Heat-Forming Laminate to Fit Curves
From contributor K:
I have been laminating 1" radii on 1-1/2" countertops for years without using any other glue than standard spray grade contact cement. The laminate is general purpose and formed at full thickness (the back was not sanded to a thinner dimension). In order for this to work, it requires that the laminate is heated to a state of relaxation that allows for the forming of the material to the core. This is not something that can be done cold. Also, there are some laminate brands that will have a greater chance of cracking because of the physical properties of the sheets. In these situations, I will usually increase to a two inch radii and increase the overhang either on the front edge or end of the core to be certain that the top will cover the cabinet and doors. It is important to make sure that the core, as stated in the previous post, is cut to a true radii, not cut roughly with a jigsaw and/or formed by a belt sander. After cutting the radius, block sand the area of transition where the radius meets the straight edge to remove any slight imperfections. If the area feels rough, it will increase the opportunity to crack the laminate as it is formed around the core. Make sure that the radius is smooth, clean off any excess dust and properly coat with the adhesive.

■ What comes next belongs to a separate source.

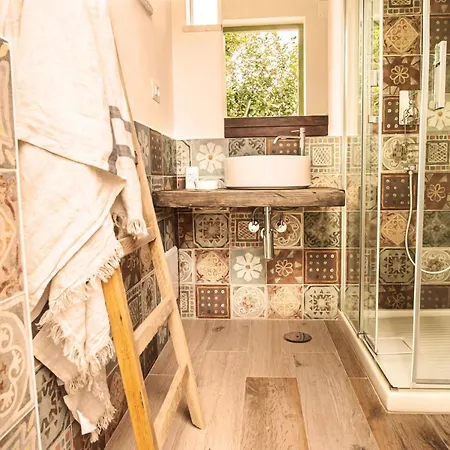 Camp & - La Caravella 营地 普罗奇达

The best thing to do is learn about how laminate reacts to heat. Purchase a commercial heat gun for about $100 to $125 (we have used Bosch for years, but there are other good brands on the market), and cut some scrap laminate edgebanding to the width that you normally use. We over cut the width by 1/8" of the actual core thickness. Then, using the heat gun, good gloves because the laminate will get hot, and safety glasses, start by heating the strips one at a time and watch the movement of the laminate as it gets hot. Laminate forms at approximately 315 to 325 degrees Fahrenheit. Some shops use a heat-indicating material that is brushed on the edge to indicate the proper temperature; however, once you become proficient with this procedure, you will learn to look for the characteristics that the laminate will exhibit when it "relaxes" and loses its memory from being manufactured. It is easier to observe the relaxation of the material when the edgeband is applied vertically and heated.

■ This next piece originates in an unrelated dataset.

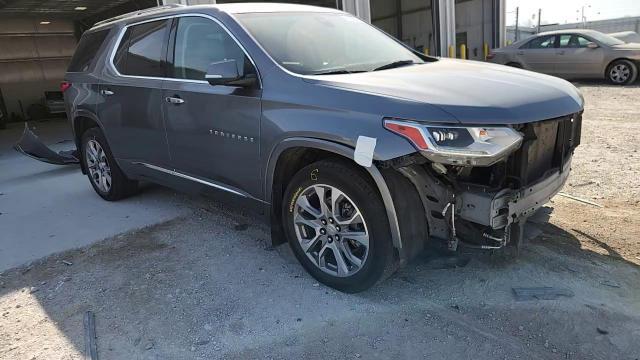 2021 Chevrolet Traverse Premier - zdjęcie 15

Once the material reaches the correct temperature, you need to work quickly to form the laminate to the core edge before it cools. This is when the gloves really help because the piece is hot. After forming the corner, keep moving with the rest of the edge keeping the laminate tight to the core. This will usually eliminate any need to clamp the corner as it cools. Do not hesitate to hold the heat gun on the edgeband too long on the test pieces, and make sure that they have adhesive on them so that you duplicate the actual results when laminating the core. Find out how long it takes a piece of laminate to blister from too much heat and then back off the amount of time the material is heated from your result. The actual process, when performed properly, takes a lot less time than it did to type this response.
Once you learn how to do this correctly, it can make a lot of difference in how you can sell tops to customers, by making the outside corner of any top safer in the traffic areas of the home, by eliminating any sharp corners that someone walks past. It also lessens the dents in your kids' heads as they grow up. And a final benefit is that it removes the dark line and area where the laminate can catch and break. We have all seen the broken corner of a countertop in a kitchen, store or office because the deck was laminated using a standard square edge process.